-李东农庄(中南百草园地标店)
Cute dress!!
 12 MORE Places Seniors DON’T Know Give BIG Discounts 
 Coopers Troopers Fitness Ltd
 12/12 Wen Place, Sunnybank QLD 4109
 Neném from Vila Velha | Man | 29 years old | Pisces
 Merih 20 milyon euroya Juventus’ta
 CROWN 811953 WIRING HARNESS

TASK GOAL: The line containing "Cute dress!!" marks the start; retype it and each line after it through the end of the records above, exactly.

RESPONSE BELOW:
Cute dress!!
 12 MORE Places Seniors DON’T Know Give BIG Discounts 
 Coopers Troopers Fitness Ltd
 12/12 Wen Place, Sunnybank QLD 4109
 Neném from Vila Velha | Man | 29 years old | Pisces
 Merih 20 milyon euroya Juventus’ta
 CROWN 811953 WIRING HARNESS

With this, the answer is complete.